• _YOUR ASSIGNMENT_:
Every line in the listing below from the one with "Размеры ларингеальных масок." through the one with "Khi chức năng" is to be reproduced exactly, both ends included; leave out the rest.

• _SUPPLIED INFORMATION_:
════
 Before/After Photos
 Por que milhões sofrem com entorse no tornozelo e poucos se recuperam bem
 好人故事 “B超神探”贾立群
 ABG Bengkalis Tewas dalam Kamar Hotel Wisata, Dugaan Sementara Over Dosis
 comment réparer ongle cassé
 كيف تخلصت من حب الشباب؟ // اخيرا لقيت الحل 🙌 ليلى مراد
════
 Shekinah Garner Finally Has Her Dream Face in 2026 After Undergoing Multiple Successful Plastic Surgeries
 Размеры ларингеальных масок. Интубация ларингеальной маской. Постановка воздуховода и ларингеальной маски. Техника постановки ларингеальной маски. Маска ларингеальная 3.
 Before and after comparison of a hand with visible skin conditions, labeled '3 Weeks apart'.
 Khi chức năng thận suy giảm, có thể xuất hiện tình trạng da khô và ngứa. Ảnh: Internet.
════
• _RESPONSE_:
 Размеры ларингеальных масок. Интубация ларингеальной маской. Постановка воздуховода и ларингеальной маски. Техника постановки ларингеальной маски. Маска ларингеальная 3.
 Before and after comparison of a hand with visible skin conditions, labeled '3 Weeks apart'.
 Khi chức năng thận suy giảm, có thể xuất hiện tình trạng da khô và ngứa. Ảnh: Internet.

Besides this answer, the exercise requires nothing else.